Since the lockdown, he has picked up 30 wickets in 6 games. There are three 5-wicket hauls and a further two four-wicket hauls in these 10 innings. His strike rates are a bit high because of relentless long spells. But he has averaged 37.23 in those games which is a testament to his improvement.
He probably is the most consistent performer for Bangladesh in Tests in recent times.
Yet, this was his 3rd game only in the last 12 months when the Tigers have played a total of 7 Tests. That means, he could only play less than 50 per cent games with that consistency.
The on book reason for this is that Bangladesh played 5 of these Tests in away conditions where seamers can offer a lot.

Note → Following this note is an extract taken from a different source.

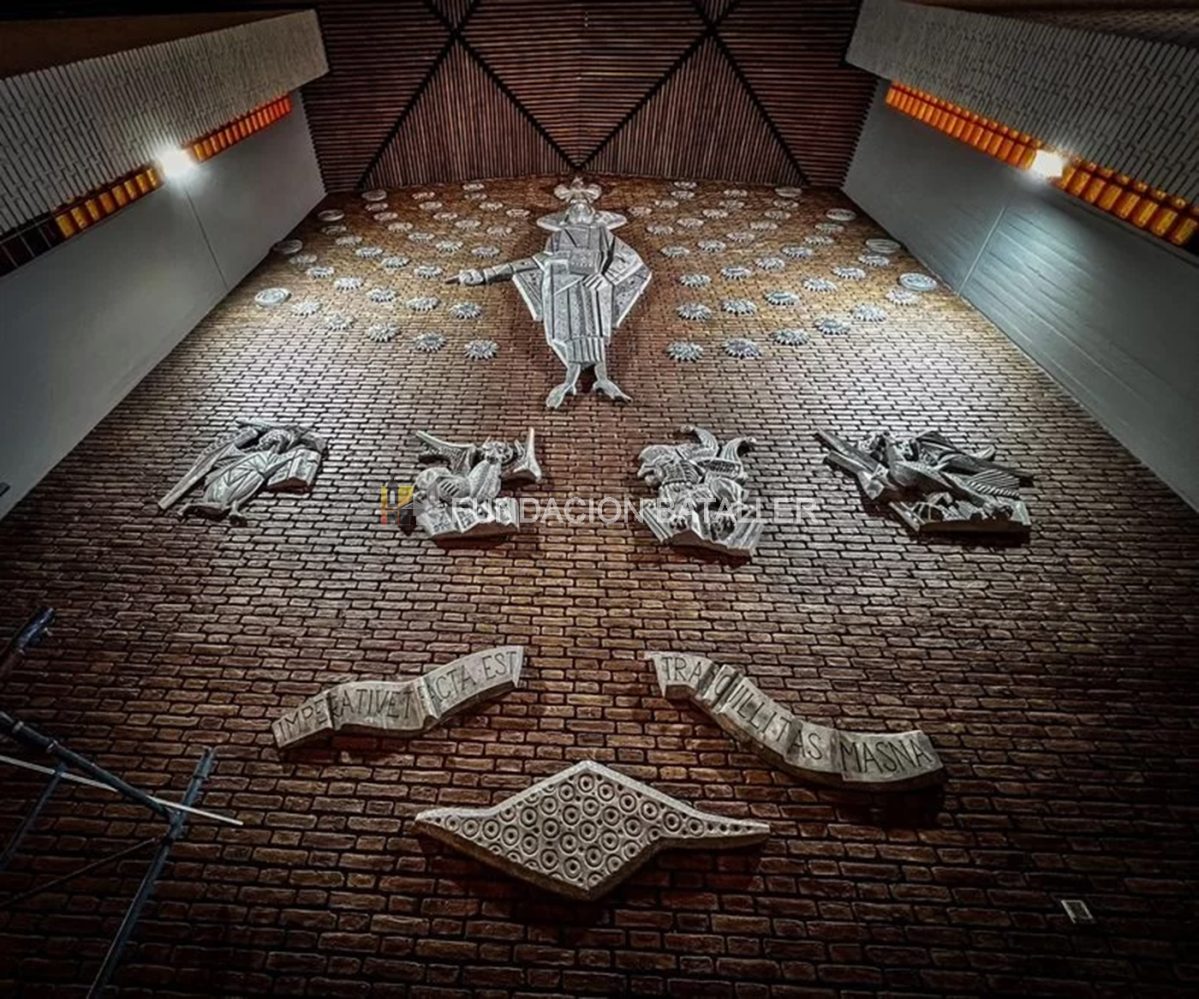 La foto muestra el final de lo que es el templo de la Iglesia Catedral. Se destaca la figura de Cristo Jesús parado rodeado de 64 estrellas y debajo los símbolos de los cuatro evangélicos:  Lucas, Mateo, Marcos y Juan.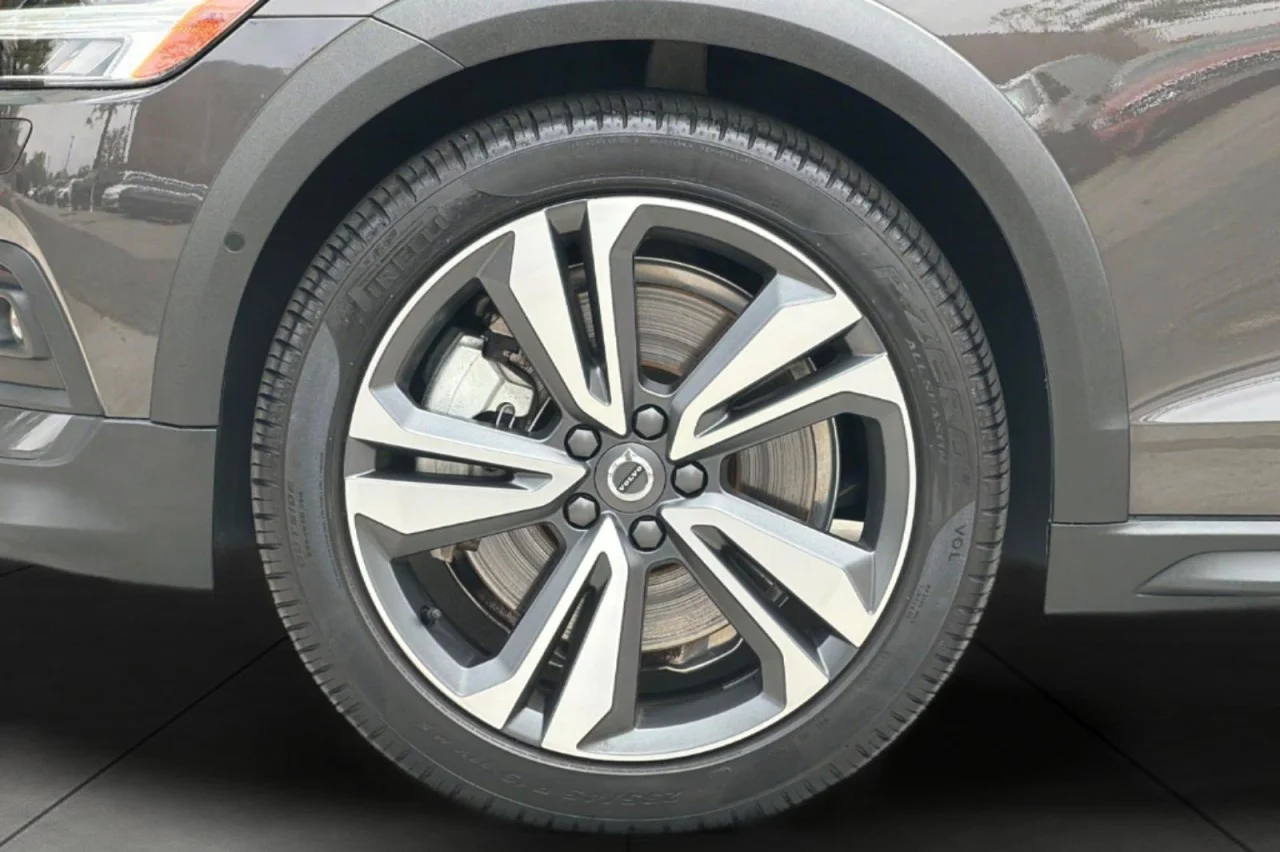 Used 2025 GREY Volvo Plus image 26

As a result, Bangladesh chose to go with more pacers than spinners, resulting in Taijul being dropped.
One might find this unreasonable. Australia keeps Nathan Lyon in the XI no matter what the condition is. The same goes with Mitchell Santner for New Zealand, Jack Leach for England, Keshav Maharaj for South Africa, and Yasir Shah for Pakistan. And they maintain their 3-4 seamers strategy as well.
Apparently, there is no strong reason for a team to sacrifice their best spinner, at least a spinner in such a great form.
For Bangladesh, the problem actually lies in the defensive mindset of the team. Over the years, Bangladesh have nourished an unhealthy obsession with fielding only 4 bowlers in the XI.
Regardless of home or away conditions, Bangladesh go with 4 bowlers. This strategy has been brutally exposed after Shakib Al Hasan's frequent absence in Tests.
The excuse that the team management gives is that Shakib is the fifth bowler, and due to his absence, the team finds it difficult to create the right formation.
This excuse doesn’t make much sense as an all-rounder should be replaced by an all-rounder if you want to stick to your original team formation. In no way you can bring a batter to replace an absent all-rounder and then put forward that excuse.
At the same time, Miraz has already established himself as a dependable bowler and has developed as a batter in recent times. He might deliver more if brought higher up the order.
Somehow Bangladesh is reluctant to do that which compromises Taijul’s spot in the playing XI.
Because Bangladesh picks four bowlers - three pacers and a spinner, Miraz is picked ahead of Taijul as Miraj can bat. Put simply, Bangladesh want to play with 8 batters which is an ultimate defensive approach and shows a lack of confidence in the batting lineup.
When all the big Test-playing nations are putting more and more effort into strengthening their bowling lineup, it is pointless to even argue for the fact that Bangladesh play 4 bowlers. Such a defensive mentality will certainly take Bangladesh nowhere in the longer version of cricket.